EXHIBIT 8.2
[LETTERHEAD OF WIPFLI LLP]February 3, 2004
Board of Directors
Citizens Community Federal
2174 Eastridge Center
Eau Claire, WI 54701
Re: Wisconsin Tax Treatment of Proposed Reorganization to Mutual Holding Company Structure (the "Reorganization")
Ladies and Gentlemen:
Set forth below, please find our understanding with respect to the above captioned matter and, based upon this understanding, our conclusions as to the Wisconsin franchise and income tax treatment of certain matters relative to the Reorganization.
Our conclusions are made in reliance upon the Amended Plan of Reorganization dated October 16, 2002 (the "Plan"), representation letter provided by Citizens Community Federal dated January 15, 2004 (The "Representation Letter") and the federal tax opinion of Silver, Freedman & Taff, L.L.P. dated January 15, 2004, concerning the Plan ("Federal Tax Opinion"). Capitalized terms used herein and not defined have the meanings set forth in the Plan.
Our conclusions are based on the facts and conclusions contained in the aforementioned documents. We have assumed for the purposes of this discussion that they are true, complete, and accurate, as of the date hereof and that they will remain so as of the consummation of the Reorganization, although we have not independently verified any such matters. If any fact or conclusion we have relied upon is not true, complete, and accurate in all material respects as of the date hereof or as of the consummation of the Reorganization, our conclusions could change.
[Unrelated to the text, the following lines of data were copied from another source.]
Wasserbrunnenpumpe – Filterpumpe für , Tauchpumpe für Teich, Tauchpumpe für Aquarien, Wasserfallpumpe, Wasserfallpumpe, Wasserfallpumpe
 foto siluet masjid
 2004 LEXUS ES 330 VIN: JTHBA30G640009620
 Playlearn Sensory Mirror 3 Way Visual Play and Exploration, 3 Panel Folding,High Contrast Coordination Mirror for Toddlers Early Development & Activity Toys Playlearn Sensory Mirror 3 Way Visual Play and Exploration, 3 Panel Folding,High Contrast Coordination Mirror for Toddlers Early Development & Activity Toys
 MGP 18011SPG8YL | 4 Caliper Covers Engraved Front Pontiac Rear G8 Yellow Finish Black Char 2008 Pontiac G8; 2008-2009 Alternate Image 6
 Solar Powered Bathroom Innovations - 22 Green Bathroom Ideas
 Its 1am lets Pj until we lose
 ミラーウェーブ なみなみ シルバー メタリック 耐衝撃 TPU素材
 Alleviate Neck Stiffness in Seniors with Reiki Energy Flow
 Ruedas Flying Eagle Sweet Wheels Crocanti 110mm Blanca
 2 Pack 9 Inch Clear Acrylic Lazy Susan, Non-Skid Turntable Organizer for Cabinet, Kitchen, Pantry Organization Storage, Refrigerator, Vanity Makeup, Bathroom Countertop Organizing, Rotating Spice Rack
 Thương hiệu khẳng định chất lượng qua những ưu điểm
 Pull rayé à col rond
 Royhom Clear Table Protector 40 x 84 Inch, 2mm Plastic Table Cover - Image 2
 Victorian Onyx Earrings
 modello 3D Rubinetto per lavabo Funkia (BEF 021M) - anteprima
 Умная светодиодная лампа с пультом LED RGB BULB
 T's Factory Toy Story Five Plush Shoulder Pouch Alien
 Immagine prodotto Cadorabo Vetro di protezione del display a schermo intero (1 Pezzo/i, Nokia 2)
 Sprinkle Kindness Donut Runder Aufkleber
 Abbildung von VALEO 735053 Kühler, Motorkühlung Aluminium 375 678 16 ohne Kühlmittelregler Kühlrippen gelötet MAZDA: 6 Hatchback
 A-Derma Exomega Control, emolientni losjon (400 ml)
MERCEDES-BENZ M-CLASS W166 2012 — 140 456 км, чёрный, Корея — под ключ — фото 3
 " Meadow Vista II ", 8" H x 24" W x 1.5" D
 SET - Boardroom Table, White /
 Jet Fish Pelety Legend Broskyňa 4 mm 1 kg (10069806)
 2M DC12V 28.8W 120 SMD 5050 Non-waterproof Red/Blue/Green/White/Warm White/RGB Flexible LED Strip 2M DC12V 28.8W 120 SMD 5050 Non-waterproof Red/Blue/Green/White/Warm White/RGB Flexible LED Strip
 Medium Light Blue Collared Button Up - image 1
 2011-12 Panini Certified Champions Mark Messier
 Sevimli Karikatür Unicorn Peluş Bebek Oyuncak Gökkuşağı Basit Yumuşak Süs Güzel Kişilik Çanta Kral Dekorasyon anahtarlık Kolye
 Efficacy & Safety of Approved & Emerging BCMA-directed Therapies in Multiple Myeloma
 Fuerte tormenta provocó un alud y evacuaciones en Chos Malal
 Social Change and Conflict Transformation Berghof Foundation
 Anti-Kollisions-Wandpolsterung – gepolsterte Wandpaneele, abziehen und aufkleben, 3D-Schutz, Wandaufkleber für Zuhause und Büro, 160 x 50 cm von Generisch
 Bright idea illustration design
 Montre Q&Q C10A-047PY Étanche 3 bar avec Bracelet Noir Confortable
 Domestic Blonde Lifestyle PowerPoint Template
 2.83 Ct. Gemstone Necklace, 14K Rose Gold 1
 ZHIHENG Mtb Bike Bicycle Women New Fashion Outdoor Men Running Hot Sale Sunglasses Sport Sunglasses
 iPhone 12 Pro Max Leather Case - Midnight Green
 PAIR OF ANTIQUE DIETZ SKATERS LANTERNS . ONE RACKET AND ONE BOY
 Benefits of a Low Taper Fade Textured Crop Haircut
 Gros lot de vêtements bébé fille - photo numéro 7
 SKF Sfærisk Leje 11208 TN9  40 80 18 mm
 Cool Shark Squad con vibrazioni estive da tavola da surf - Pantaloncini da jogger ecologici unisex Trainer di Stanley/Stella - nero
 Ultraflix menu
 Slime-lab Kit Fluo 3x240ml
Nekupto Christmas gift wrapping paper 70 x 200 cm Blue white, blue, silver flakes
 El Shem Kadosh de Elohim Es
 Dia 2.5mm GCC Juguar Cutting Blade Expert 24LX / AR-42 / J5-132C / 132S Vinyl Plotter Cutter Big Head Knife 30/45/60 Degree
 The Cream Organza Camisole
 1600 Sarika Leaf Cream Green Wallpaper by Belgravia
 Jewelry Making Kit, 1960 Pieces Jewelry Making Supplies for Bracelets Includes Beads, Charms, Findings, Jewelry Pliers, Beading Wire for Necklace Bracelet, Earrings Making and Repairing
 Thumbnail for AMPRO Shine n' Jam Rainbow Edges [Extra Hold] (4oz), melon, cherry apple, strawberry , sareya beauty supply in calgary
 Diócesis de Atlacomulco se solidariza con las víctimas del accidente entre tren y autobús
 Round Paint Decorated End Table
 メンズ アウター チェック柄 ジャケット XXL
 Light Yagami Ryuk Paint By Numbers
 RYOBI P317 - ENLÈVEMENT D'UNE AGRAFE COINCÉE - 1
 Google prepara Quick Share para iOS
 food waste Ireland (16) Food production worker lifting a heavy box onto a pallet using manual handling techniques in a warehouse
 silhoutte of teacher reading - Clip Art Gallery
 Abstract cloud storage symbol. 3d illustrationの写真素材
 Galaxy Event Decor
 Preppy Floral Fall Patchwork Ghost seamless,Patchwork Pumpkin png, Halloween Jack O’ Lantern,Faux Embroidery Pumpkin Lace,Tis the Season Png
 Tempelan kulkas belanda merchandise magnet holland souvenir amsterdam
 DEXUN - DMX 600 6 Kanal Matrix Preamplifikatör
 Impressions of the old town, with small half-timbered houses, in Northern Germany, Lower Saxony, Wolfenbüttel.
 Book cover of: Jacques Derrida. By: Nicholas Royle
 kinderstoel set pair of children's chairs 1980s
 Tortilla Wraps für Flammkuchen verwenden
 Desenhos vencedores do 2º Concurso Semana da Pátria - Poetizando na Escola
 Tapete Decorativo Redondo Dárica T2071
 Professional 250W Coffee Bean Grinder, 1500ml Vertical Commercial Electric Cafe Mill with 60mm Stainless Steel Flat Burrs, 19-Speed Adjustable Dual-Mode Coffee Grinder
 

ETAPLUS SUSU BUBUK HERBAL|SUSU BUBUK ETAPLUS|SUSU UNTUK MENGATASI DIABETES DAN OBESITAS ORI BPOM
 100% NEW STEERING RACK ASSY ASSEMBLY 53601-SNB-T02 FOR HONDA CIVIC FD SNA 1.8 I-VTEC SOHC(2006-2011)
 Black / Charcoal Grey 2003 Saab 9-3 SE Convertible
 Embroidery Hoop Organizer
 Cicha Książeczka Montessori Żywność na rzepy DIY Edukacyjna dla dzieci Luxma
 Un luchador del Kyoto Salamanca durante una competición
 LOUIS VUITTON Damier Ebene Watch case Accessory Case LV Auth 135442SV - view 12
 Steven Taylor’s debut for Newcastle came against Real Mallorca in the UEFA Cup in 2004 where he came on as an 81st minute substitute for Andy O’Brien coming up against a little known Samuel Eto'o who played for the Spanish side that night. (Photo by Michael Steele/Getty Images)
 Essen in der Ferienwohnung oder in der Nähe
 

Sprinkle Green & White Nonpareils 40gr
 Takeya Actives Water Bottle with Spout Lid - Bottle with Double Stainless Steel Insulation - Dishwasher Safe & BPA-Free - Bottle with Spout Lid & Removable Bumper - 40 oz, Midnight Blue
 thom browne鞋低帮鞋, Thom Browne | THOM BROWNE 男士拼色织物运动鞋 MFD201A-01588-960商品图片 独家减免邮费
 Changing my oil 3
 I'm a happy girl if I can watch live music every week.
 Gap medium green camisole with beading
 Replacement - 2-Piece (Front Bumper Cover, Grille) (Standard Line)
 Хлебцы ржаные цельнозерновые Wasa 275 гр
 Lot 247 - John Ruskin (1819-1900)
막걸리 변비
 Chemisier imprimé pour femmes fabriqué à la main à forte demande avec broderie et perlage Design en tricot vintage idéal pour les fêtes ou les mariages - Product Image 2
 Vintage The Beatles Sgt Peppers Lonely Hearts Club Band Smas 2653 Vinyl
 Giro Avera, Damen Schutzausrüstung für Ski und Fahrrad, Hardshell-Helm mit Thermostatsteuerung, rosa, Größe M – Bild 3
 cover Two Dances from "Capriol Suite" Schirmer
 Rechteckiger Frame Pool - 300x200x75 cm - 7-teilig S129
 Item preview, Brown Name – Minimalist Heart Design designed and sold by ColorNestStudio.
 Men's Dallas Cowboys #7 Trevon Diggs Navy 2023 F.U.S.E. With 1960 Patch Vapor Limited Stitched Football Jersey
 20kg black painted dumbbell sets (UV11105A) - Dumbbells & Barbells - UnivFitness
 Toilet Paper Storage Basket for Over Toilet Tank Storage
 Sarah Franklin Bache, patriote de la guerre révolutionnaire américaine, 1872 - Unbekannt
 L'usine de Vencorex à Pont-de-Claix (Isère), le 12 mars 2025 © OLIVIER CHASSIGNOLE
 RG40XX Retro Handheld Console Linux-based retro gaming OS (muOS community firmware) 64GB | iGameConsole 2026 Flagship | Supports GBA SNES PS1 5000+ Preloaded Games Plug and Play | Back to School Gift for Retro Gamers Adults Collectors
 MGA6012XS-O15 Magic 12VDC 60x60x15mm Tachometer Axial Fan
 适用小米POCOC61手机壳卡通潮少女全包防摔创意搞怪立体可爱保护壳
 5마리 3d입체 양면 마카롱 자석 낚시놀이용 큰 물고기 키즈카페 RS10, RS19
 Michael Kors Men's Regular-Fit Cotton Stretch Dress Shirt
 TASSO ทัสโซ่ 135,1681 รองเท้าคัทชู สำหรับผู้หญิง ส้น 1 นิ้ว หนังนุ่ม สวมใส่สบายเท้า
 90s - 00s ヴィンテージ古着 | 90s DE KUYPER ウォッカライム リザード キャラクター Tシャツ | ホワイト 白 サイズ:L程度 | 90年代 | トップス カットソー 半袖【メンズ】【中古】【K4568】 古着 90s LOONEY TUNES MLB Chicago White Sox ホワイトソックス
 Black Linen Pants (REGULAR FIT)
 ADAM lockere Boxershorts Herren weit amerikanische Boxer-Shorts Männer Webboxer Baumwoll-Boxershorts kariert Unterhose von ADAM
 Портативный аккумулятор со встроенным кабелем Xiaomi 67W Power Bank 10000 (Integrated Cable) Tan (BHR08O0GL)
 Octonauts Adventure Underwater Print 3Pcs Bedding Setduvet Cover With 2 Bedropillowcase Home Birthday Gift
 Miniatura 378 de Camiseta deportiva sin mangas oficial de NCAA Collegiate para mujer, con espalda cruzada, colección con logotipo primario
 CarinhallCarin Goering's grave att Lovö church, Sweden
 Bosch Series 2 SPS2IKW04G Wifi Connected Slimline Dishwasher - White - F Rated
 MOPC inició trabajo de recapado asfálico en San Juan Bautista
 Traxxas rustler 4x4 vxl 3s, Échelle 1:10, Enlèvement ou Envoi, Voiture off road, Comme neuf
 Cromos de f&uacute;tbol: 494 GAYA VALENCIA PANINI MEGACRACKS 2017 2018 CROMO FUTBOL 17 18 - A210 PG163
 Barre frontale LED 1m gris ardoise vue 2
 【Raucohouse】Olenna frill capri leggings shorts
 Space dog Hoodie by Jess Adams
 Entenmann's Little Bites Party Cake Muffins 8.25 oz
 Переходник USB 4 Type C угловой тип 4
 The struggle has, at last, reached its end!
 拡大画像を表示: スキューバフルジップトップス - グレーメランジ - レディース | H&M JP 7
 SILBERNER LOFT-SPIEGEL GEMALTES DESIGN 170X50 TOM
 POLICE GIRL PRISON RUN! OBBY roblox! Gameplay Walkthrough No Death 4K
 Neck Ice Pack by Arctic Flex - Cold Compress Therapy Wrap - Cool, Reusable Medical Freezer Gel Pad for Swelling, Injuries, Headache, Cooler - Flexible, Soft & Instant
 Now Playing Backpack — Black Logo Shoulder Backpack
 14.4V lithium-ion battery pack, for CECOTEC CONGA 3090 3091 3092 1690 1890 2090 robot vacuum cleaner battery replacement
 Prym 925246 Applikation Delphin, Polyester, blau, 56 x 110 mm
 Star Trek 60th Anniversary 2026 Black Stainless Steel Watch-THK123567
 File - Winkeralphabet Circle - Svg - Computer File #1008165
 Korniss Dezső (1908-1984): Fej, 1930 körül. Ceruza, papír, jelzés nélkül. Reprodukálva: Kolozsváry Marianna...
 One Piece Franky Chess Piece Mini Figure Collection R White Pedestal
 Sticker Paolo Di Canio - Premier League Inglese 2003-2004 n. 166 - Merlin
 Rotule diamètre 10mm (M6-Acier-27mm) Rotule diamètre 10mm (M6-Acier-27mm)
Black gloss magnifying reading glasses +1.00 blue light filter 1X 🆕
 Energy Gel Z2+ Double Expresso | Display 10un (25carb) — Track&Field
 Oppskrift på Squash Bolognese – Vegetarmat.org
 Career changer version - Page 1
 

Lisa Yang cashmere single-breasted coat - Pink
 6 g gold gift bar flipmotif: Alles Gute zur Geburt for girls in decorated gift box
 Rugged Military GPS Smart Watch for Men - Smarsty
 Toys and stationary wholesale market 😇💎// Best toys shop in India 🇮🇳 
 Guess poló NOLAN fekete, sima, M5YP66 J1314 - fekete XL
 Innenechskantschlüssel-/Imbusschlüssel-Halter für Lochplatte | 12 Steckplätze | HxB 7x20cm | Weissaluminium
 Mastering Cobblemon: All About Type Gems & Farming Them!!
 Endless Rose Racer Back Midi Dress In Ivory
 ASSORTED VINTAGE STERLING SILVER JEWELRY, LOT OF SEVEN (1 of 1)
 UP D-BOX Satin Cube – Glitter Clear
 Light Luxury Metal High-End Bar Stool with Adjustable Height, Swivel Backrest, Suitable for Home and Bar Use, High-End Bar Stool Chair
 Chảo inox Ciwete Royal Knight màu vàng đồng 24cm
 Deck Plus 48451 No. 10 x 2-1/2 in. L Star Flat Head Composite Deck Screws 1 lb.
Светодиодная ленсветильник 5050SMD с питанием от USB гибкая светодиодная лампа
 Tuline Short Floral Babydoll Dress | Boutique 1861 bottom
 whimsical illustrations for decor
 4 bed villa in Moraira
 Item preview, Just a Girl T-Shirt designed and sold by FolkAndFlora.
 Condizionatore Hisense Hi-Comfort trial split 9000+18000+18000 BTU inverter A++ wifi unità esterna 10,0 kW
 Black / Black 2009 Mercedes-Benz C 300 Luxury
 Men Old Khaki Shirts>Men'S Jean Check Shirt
The discussions and conclusions which follow are based upon existing state tax law under the Wisconsin Statutes, regulations, rulings, and administrative pronouncements as of the date of this letter, all of which are subject to change. Further any change in applicable federal income tax law which affects the aforementioned Federal Tax Opinion could change our conclusions. We assume no responsibility to update our conclusions to incorporate any such changes occurring after the date of this letter.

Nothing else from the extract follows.